The Netherlands, for its part, has requested his extradition on charges of human trafficking from Africa to Europe. “His arrest is a great victory for Dutch and international justice, the kind of breakthrough we’ve been waiting for years,” said an anonymous member of the Dutch Attorney General’s office, which is currently deciding the case of one of his associates. The trial of “Welid” (real name Tewelde Goitom), another Eritrean smuggler, has just begun in the court of Zwolle, a city 80 km east of Amsterdam. The man is being prosecuted for participation in a criminal organization, human trafficking, hostage-taking, extortion and violence, including sexual violence.

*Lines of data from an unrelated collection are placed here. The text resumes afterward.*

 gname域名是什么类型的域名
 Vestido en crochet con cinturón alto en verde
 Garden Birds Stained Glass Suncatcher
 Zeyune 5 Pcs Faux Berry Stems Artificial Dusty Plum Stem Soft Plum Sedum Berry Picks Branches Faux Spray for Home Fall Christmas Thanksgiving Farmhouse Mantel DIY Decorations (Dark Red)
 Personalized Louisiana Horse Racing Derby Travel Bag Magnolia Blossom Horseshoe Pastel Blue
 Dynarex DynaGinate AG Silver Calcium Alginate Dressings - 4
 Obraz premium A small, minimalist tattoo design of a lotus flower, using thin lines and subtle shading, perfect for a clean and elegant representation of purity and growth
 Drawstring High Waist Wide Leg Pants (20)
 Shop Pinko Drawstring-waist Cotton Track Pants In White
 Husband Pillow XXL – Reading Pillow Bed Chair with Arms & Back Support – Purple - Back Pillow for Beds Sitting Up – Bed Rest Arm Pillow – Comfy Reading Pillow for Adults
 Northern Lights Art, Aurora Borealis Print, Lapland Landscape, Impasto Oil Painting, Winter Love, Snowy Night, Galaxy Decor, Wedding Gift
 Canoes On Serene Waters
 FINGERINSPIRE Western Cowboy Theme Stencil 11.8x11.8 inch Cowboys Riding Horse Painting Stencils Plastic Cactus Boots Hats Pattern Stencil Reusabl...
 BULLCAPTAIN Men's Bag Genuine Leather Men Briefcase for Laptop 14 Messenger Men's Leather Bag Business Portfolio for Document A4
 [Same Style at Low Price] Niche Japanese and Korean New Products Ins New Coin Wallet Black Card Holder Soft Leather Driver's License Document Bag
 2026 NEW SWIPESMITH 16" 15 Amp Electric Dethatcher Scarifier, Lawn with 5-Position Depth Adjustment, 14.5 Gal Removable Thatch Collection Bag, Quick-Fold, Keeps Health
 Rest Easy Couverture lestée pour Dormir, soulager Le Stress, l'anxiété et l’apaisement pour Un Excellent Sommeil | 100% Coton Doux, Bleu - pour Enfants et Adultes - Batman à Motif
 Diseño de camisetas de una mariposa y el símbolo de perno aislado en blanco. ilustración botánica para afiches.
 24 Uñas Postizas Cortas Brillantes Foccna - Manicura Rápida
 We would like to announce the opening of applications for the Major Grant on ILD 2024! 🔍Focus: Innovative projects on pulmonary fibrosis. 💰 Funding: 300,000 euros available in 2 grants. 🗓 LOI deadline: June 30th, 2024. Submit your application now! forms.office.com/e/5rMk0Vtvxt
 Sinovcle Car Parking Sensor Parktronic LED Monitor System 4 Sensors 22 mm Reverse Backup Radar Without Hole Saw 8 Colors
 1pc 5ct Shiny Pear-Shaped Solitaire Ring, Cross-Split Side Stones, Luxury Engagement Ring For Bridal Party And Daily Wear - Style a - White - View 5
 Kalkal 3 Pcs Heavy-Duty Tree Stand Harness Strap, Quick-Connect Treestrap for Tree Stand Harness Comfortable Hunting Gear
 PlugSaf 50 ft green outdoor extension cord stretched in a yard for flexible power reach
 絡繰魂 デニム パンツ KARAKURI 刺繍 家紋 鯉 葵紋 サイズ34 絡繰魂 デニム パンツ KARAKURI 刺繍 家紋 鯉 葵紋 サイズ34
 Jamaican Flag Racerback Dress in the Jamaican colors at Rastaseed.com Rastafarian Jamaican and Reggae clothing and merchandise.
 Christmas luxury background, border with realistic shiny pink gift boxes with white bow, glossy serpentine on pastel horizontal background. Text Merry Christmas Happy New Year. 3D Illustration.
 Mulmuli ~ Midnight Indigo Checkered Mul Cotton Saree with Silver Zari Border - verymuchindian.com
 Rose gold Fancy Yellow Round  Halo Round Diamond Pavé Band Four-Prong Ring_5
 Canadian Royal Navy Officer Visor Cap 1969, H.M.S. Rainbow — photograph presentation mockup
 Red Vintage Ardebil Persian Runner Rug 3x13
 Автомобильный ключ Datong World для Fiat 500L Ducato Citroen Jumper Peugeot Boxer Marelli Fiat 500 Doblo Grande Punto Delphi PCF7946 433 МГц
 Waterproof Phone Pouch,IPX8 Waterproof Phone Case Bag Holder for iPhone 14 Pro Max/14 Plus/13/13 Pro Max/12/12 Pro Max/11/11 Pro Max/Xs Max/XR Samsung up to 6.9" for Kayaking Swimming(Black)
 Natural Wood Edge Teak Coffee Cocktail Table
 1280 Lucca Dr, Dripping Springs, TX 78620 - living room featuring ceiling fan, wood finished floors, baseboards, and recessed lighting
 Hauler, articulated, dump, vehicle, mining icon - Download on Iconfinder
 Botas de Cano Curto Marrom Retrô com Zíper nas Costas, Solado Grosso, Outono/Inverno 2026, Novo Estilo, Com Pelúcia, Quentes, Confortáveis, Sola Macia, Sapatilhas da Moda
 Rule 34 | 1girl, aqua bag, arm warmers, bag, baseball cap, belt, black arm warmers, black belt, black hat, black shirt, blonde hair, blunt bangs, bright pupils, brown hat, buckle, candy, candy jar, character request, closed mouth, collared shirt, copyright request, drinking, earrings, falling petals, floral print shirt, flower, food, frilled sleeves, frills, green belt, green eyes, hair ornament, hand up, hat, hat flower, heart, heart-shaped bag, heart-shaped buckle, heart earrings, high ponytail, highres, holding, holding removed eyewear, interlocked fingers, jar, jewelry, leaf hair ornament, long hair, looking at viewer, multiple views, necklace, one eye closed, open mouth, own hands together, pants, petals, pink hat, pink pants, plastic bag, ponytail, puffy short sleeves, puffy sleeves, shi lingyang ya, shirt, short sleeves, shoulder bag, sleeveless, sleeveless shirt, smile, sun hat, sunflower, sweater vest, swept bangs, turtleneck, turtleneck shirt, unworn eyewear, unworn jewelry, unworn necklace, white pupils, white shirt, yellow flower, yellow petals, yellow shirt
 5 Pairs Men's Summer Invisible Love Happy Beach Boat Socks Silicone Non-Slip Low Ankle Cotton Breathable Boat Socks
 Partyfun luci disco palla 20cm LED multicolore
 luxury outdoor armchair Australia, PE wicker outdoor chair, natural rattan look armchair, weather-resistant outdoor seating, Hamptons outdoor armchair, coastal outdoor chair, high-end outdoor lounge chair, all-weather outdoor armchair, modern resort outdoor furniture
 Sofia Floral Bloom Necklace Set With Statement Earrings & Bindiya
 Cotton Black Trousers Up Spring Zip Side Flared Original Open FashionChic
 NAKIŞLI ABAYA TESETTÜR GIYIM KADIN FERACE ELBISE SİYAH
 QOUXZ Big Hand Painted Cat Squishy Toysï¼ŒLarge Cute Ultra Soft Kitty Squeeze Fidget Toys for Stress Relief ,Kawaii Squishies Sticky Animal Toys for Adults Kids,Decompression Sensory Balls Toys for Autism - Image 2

The two men have long maintained a reign of terror in the Libyan desert. At their base in Bani Walid, south of Misrata, Welid and Kidane locked up migrants with the promise of a Mediterranean crossing in order to extort their families. “Kidane was in charge of a camp in Libya where thousands of migrants pass through. Many do not survive,” said Dutch police. An epicenter of migrant trafficking in recent years, the Bani Walid camp has sometimes been dubbed “the ghost town” because of the number of would-be exiles who have died there at the hands of human smugglers.
Selam* spent two years there, in 2017 and 2018. “A hell on earth,” she confided by phone from the United States, where she obtained refugee status. At the time, the 15-year-old wanted to escape military service, which is mandatory in Eritrea. In Asmara, her family paid $6,000 in exchange for the promise to reach the Sicilian coast. But once in Libya, young Selam’s path crossed that of Kidane, her future torturer, who asked her relatives for an additional $7,000 for the crossing. “I told him I couldn’t pay, that my mother was dead, that all the family’s money had gone into the funeral and he replied: ‘If you don’t give the money, you’ll join her soon,'” she remembered.
‘A hyena excited by the sight of blood’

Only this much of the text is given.